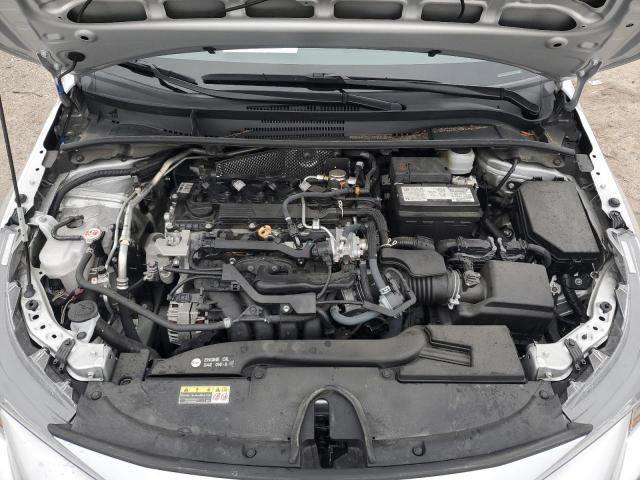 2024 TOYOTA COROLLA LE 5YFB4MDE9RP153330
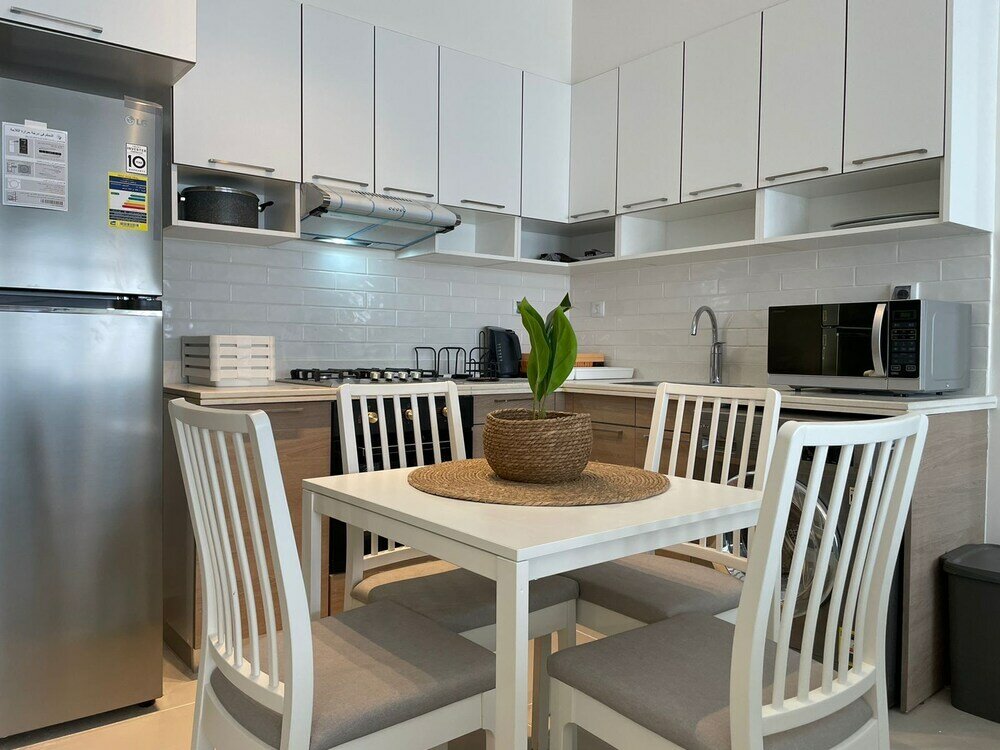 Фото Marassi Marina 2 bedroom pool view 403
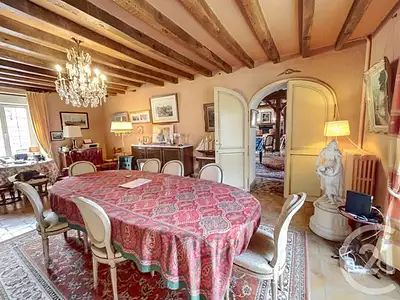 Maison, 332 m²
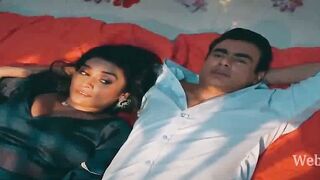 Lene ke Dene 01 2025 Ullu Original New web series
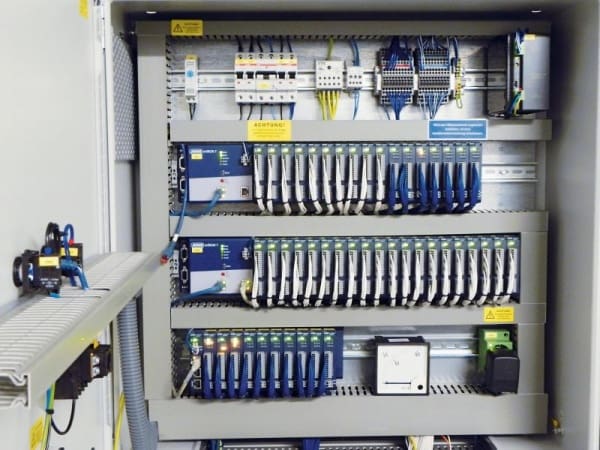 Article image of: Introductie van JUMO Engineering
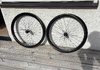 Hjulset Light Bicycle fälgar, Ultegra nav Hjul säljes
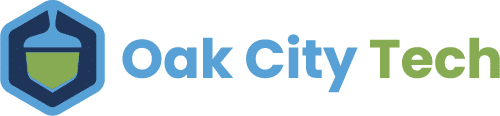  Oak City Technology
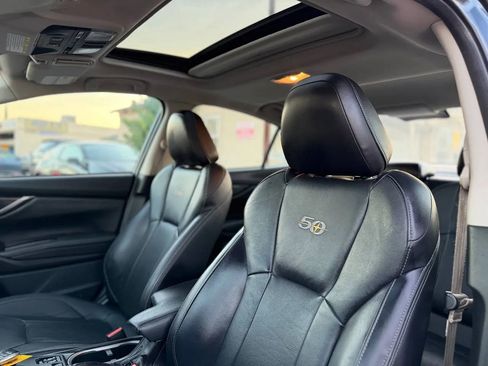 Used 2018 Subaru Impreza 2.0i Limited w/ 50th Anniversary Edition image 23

★ ★ ★ ★

- _Aim of the task_: Repeat the material above exactly, so that every entry appears but no picture does.

- _Task response_:
 2024 TOYOTA COROLLA LE 5YFB4MDE9RP153330
 Фото Marassi Marina 2 bedroom pool view 403
 Maison, 332 m²
 Lene ke Dene 01 2025 Ullu Original New web series
 Article image of: Introductie van JUMO Engineering
 Hjulset Light Bicycle fälgar, Ultegra nav Hjul säljes
  Oak City Technology
 Used 2018 Subaru Impreza 2.0i Limited w/ 50th Anniversary Edition image 23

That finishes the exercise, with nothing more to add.